**Directions for this task:**
The copy should hold exactly the lines below from the one that contains "Hello, I am" through the one that contains "Now let's explain" and nothing else, so no pictures.

**Data extracts:**
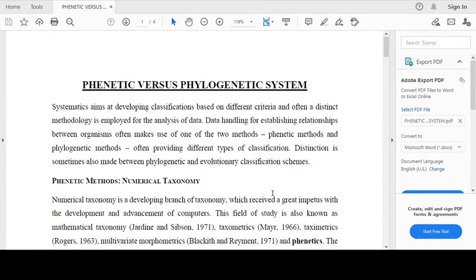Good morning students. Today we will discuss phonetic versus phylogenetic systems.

==

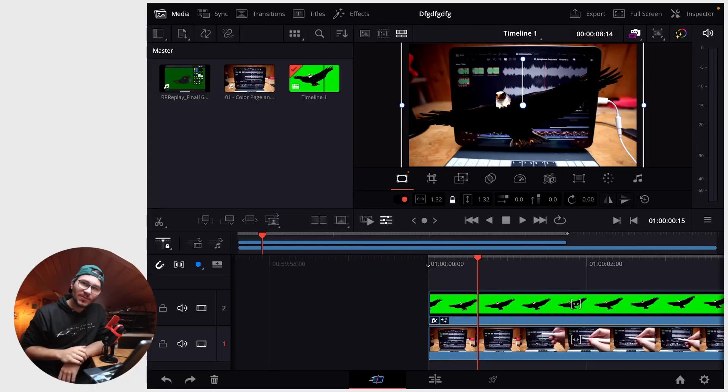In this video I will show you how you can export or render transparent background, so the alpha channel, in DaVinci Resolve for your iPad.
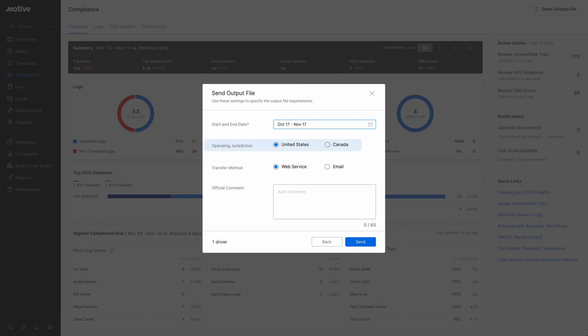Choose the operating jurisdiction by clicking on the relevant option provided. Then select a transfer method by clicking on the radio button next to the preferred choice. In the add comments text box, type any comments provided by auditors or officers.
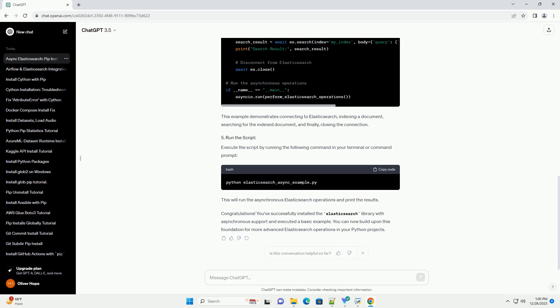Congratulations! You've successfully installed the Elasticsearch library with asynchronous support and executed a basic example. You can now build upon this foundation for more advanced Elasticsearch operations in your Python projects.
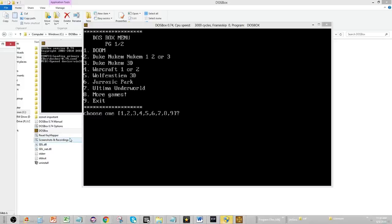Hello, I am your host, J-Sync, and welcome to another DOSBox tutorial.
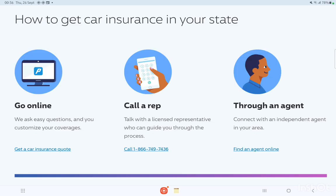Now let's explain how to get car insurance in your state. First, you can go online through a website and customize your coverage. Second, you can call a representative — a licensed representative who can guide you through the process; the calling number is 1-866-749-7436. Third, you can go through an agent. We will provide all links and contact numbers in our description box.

**Output of the exercise:**
Hello, I am your host, J-Sync, and welcome to another DOSBox tutorial.
Now let's explain how to get car insurance in your state. First, you can go online through a website and customize your coverage. Second, you can call a representative — a licensed representative who can guide you through the process; the calling number is 1-866-749-7436. Third, you can go through an agent. We will provide all links and contact numbers in our description box.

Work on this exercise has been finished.